Esqueça Marte: nosso futuro está nos oceanos da Terra
2025-03-30
Autor: Fernanda
Alguns milhões de anos atrás, as cianobactérias vieram à tona como as pioneiras na fotossíntese, liberando oxigênio e permitindo a formação das atmosferas que hoje respiramos. Com o passar do tempo, as algas verdes se multiplicaram, seguidas das florestas, até que alcançamos a rica atmosfera com altas concentrações de oxigênio - um produto que, em sua maioria, ainda provém dos oceanos.
Mas os oceanos fazem muito mais do que nos fornecer oxigênio. Eles absorvem 25% de todas as emissões de dióxido de carbono e são responsáveis por armazenar 90% do calor excessivo gerado por essas emissões. Isso tudo contribui para o aquecimento da superfície marinha, mas as partes mais profundas do oceano conseguem manter temperaturas consideravelmente mais frias. Essa dinâmica é fundamental para a regulação térmica do nosso planeta.
Você se lembra da água gelada que misteriosamente apareceu nas praias do Rio de Janeiro durante o Carnaval? Um dia, a temperatura da água estava a 30°C, e de repente, caiu para 8°C na beira da praia. Essa discrepância não foi resultado de vendedores esvaziando cooler de gelo, mas sim uma demonstração do que a tecnologia Otec (Conversão de Energia Térmica Oceânica) pode explorar: a geração de energia limpa a partir da diferença de temperatura entre a água morna na superfície e a água fria em profundezas de 800 a 1.000 metros.
Para que a Otec funcione efetivamente, a diferença de temperatura precisa ser de pelo menos 20°C, um fenômeno que ocorre durante todo o ano em várias regiões tropicais, incluindo nosso litoral, ao norte de Vitória. Podemos imaginar o oceano como uma imensa bateria solar natural: o calor na superfície e o frio nas profundezas.
O prinpício utilizado na Otec é semelhante ao já empregado em termelétricas, onde o calor é gerado a partir da queima de combustíveis fósseis para aquecer água e produzir vapor. Na versão Otec, a diferença de 20°C faz com que a água quente faça a amônia evaporar. Esse vapor, então, aciona uma turbina, gerando eletricidade. Após gerar energia, o vapor de amônia é resfriado pela água fria das profundezas, retorna ao estado líquido e reinicia o ciclo. Este processo é limpo e sustentável, sem emissão de fumaça ou necessidade de exploração mineral.

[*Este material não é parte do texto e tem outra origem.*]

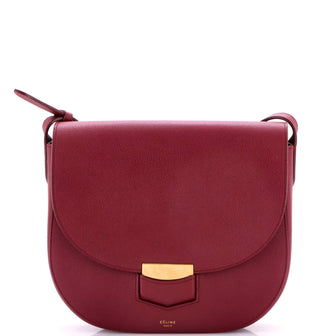 Celine Trotteur Crossbody Bag Grainy Leather Medium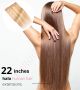 22 Inch Invisible Wire Human Hair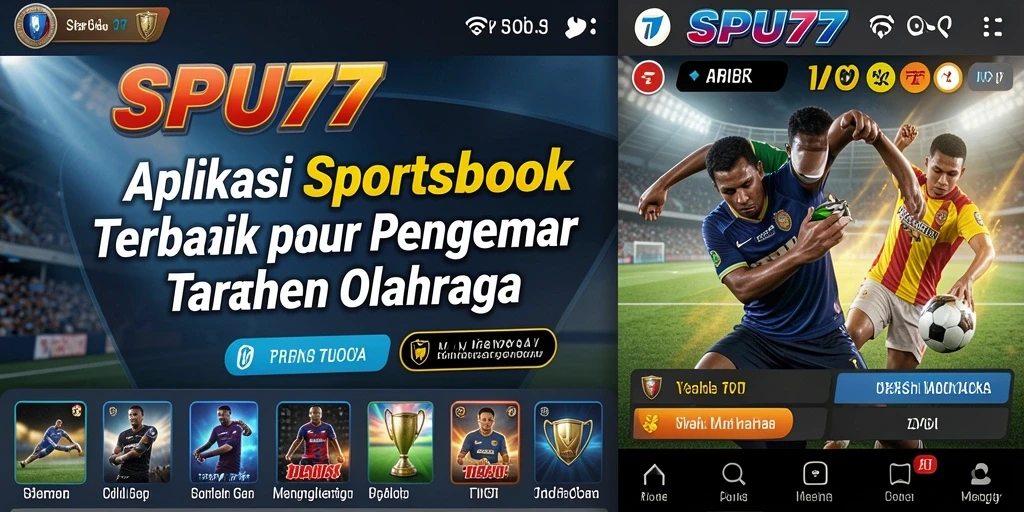 Tampilan gameplay menarik dari aplikasi sportsbook SPBU77.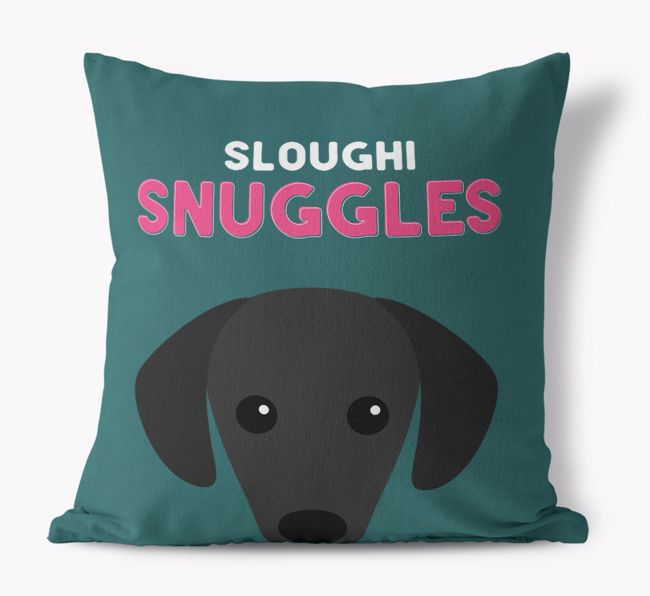 Snuggles: Personalized {breedFullName} Canvas Pillow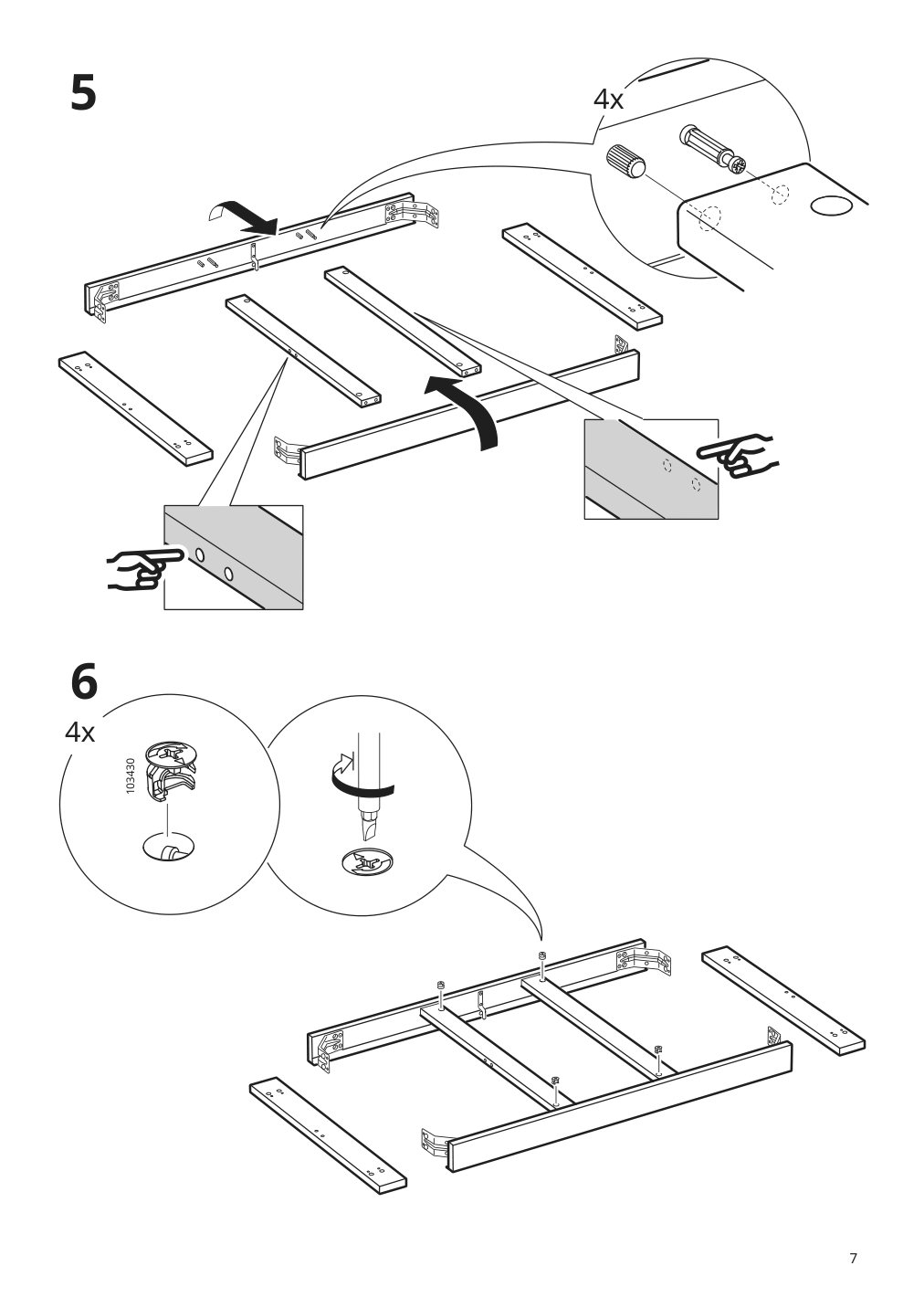 Assembly instructions for IKEA Roenninge extendable table birch | Page 7 - IKEA RÖNNINGE / ODGER table and 4 chairs 094.290.59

Se essa ideia parece futurista, saiba que desde a década de 1990, a Otec já está em funcionamento em locais como Havai, Okinawa (Japão), Malásia e Índia — principalmente em ilhas onde o acesso à energia e à água potável é desafiador e caro. Além disso, essa tecnologia pode ser integrada em sistemas de dessalinização, agricultura marinha, criação de peixes e até na produção de alimentos, utilizando a água rica em nutrientes que vem do fundo do mar.
No Brasil, especialmente entre Salvador e Natal, há áreas oceânicas com variações de temperatura e relevo que favorecem a instalação de Otec. Em Fernando de Noronha, por exemplo, essa opção poderia transformar a realidade da ilha, que ainda depende em grande parte de termelétricas a diesel e enfrenta desafios na dessalinização da água.

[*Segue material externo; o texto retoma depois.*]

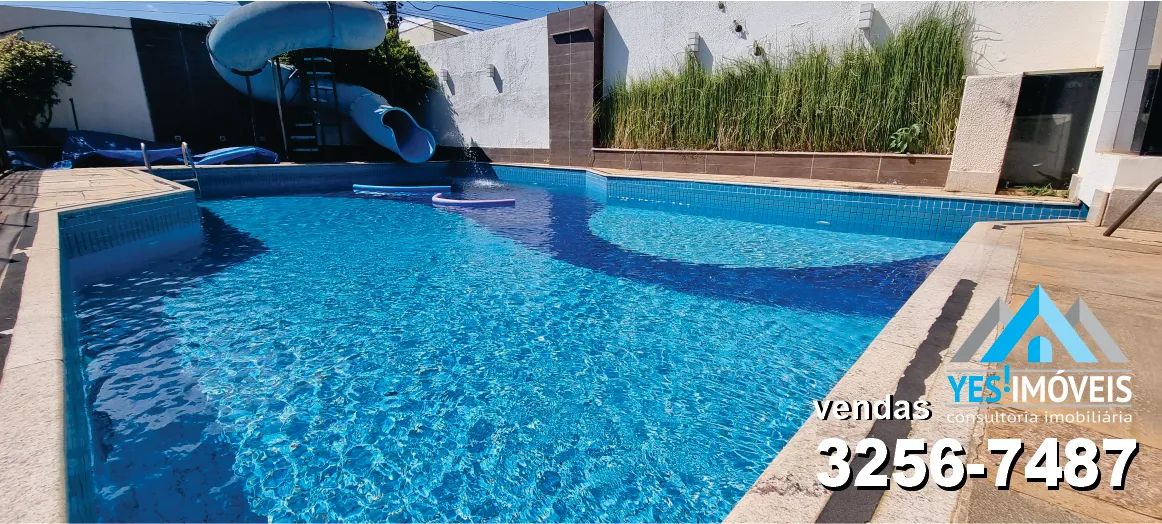 Sobrado Colonial lindo, Escriturado, 6Q/4 Suítes, Piscina, Sauna, Churr, Toboágua, Lote 73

As ilhas, de fato, representam um ambiente de extrema importância, pois nos oferecem uma perspectiva prática sobre viver com recursos limitados, recuperando o que é descartado e compreendendo a relação de interdependência que temos com a natureza.
Esses ecossistemas funcionam como miniaturas do nosso planeta, e quando temos dificuldade em nos integrar com a natureza, eles nos apresentam uma oportunidade singular. Assim, podemos direcionar nosso olhar para soluções terrestres, ao invés de nos perdermos em sonhos interplanetários que custam bilhões e consomem recursos preciosos da Terra, prometendo apenas ilusões em Marte.